What is a Foeder?
A foeder is a large oak vessel, commonly barrel shaped, that is used for the fermentation of wine, spirits, and beer. They act in much the same way that traditional oak barrels do but the larger volume of a foeder eliminates the variations of flavors that can occur between small barrels. That in turn eliminates the need for what can be a lengthy blending process. The slower oxygenation that occurs in a foeder also allows for more control during the fermentation process and the convenient tasting port makes it very easy to monitor.
How is a Forjstone Foeder built?
My foeders are made from New England sourced, clear grade white oak. The boards are milled in Southern Maine and are joined on the seems by a modified tongue and groove joint. There are thirty-two identical staves in each 15bbl foeder.
The barrel bands are made of 316 stainless steel and are adjustable via a mechanical fastener unlike traditional barrel bands that are fixed in size by either rivets or welding. The adjustable bands allow the brewer to tighten or loosen each band to accommodate for changes in swelling due to seasonal changes in humidity, as well as during rehydration or cleaning. Additionally, the removable bands allow the foeder to be assembled on site or disassembled for transportation or repair.

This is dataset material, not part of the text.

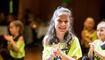 Sommernachtsball in Schaan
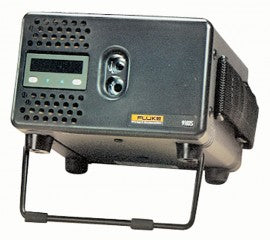 HART-9102S-156-Handheld Dry-Well Calibrator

There is a top and side manway on each foeder. These manways have been engineered to move in harmony with the wood staves of the barrel and do not add any extra stresses to the wood timbers. The top manway is fitted with a tc fitting for convenient direct attachments of sprayballs, spray balls, and other fittings.
Apart from the initial milling of the oak staves, all of the woodworking and metal fabrication is done in house and by hand.
Can I order a Custom sized Foeder?
The short answer is probably. Send me an email outlining your needs and we can go from there. At present I only offer a 15bbl foeder. However, the designs for a 20bbl are in the works and will be available soon.
How do I care for my new Foeder?
There are a number of resources on the web and in the library that offer great insight and specific practice methods for maintaining your foeder that go into much greater detail than I can here. For example, the book, Wood & Beer: A Brewer's Guide, by Dick Cantwell and Peter Bouckaert is a fantastic resource when it comes to all things foeders. However, I’m always available for questions before and after the purchase.